Foundations’s very title can be considered a double entendre, referencing both the music that’s already emerged from the building and whatever might materialize next; besides multiple forthcoming EPs and LPs at various stages of completion, there’s also DEEWEE TEEVEE, a heavily stylized online series featuring artist performances and interviews as a visual companion to the compilation.
Ultimately, David and Stephen feel just as invested in empowering their peers through DEEWEE as they do in any project under the Soulwax or 2manydjs umbrella.
“A couple of years ago, we had a conversation with people who were interested in distributing DEEWEE as a label. They were like, ‘You guys are not a record label— you’re an artist label. You guys are the worst businesspeople ever.’ And they were probably right,” Stephen remembers. “It’s a very long and emotional ride sometimes, but in the end, it’s something that’s gratifying and I think beneficial for everyone.”

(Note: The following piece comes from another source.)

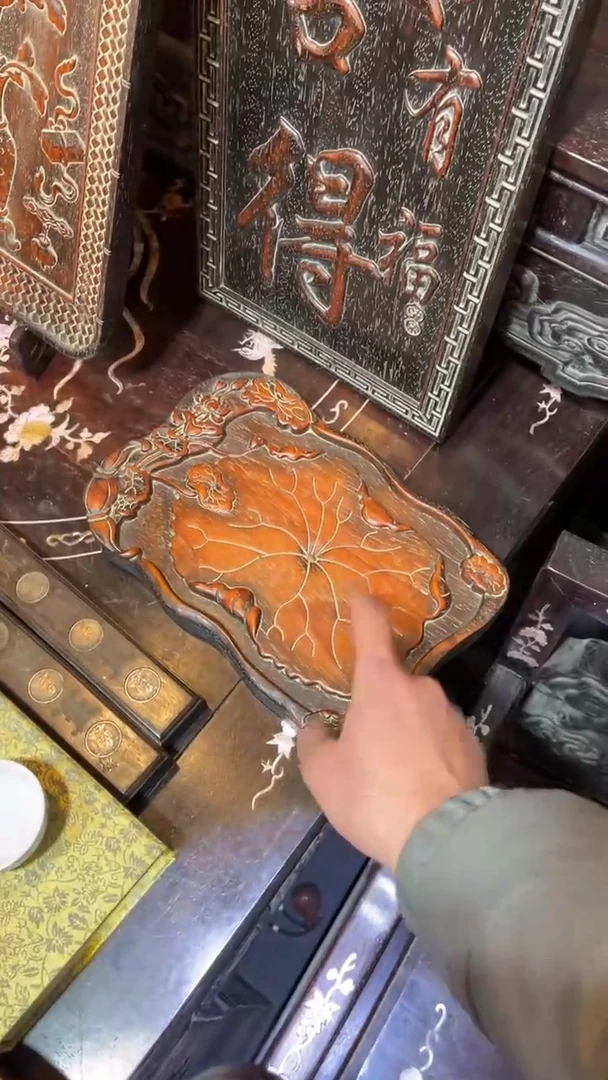 【闪购商品】非洲紫檀（红花梨）30x20cm赏盘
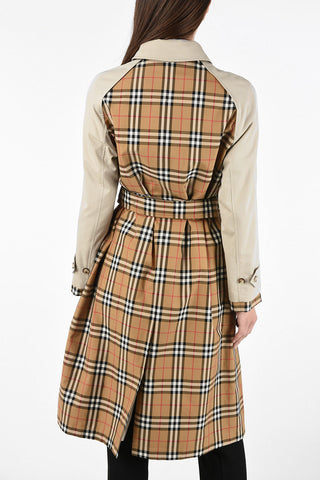 Trench in Cotone Tartan con Cintura e Chiusura a Scomparsa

“We are as involved as we would be on a Soulwax album or any 2manydjs project,” David says. “So for us, any manageable piece of success—whether that’s ‘Oohh, she’s getting [placed on] playlists’ or ‘She’s getting a great gig there’—we feel the same amount of accomplishment as we would from anything similar with Soulwax. So even though it might seem like, ‘Oh, we’re putting out other people’s music this year,’ we feel as involved as the artists do.”